Filed under Comic Books

3 responses to “Dave Simons, Rest in Peace.

  1. Sadly Mark’s short obit has one glaring error – Dave was only 54 years old, still far too young.

  2. Thanks, I corrected the copy.

    Gone way too soon, but his work will live forever.

  3. Dave Simons’ middle name was Lloyd. It was his grandfather’s name…and his grandparents lived up the road from me in Seelyville, Pennsylvania. Dave and I connected somehow in our middle teens, one summer when he was visiting his name-sake. We drew comics together, swam in the river, rode horses, played golf (Dave couldn’t hit the doggone thing to save his life!)…and dreamed of becoming comic book pros. Dave’s dream came true. I have many wonderful memories from those years which now feel like fantasy.

    Dave’s first printed comic work (that I’m aware of) was a comic strip in his school newspaper called Night Rider (I have photocopies of some of them). NR was a motorcycle character…and Dave revisited his love for such characters in his later professional work on Ghost Rider.

    His first printed comic work in Fandom (to my knowledge) was in my own fanzine, Comic Courier…and later in a zine that he and I worked on together: The Wonderful World of the Wild and Wicked West. I have that artwork still (and stuff we hoped to publish but never did).

    Dave wanted to go to art school after high school, but parental pressure pushed him into the Coast Guard. He was stationed on Governor’s Island off Manhatten…and fell in love with the Big Apple.

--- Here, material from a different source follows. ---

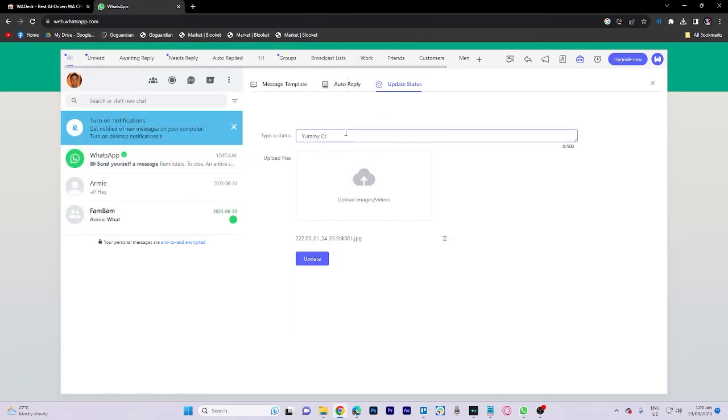Now, you can name this status once you've completed this step. Click update.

    Scientology got a hold of him…and took all his money ( I wrote him a song during that time…reaching out to him when it seemed that he was so lost). He took classes under John Buscema. He lived in a roach-filled apartment in Greenwich Village. He lived in a warehouse at the lower end of Manhattan. He fell in love…wanted to marry… it didn’t happen. He was pencilling the first issue of Red Sonja during that time: beautiful pencils (ruined by Vince Coletta’s inks!) He lived lots of other places…made new friends…kept drawing. He made his mark in the real comic book world–and beyond.

    He and I lost touch. I tracked him down in California. Then back on the East Coast. Then no word. A phone call. A letter. Where was this guy?

    Then a couple of days ago I found him online! I saw pictures of him. I discovered that he’d been battling cancer. I saw that he had moved to Jersey City. I found his blog…an e-mail address…I sent him an e-mail…and then I revisited the site where I found his blog…and discovered my friend had passed from this planet two days earlier!

    Dave and I were both born in 1954. I have missed him through the years—I miss him terribly just now.

    “Life is a brief minute…eternity follows.”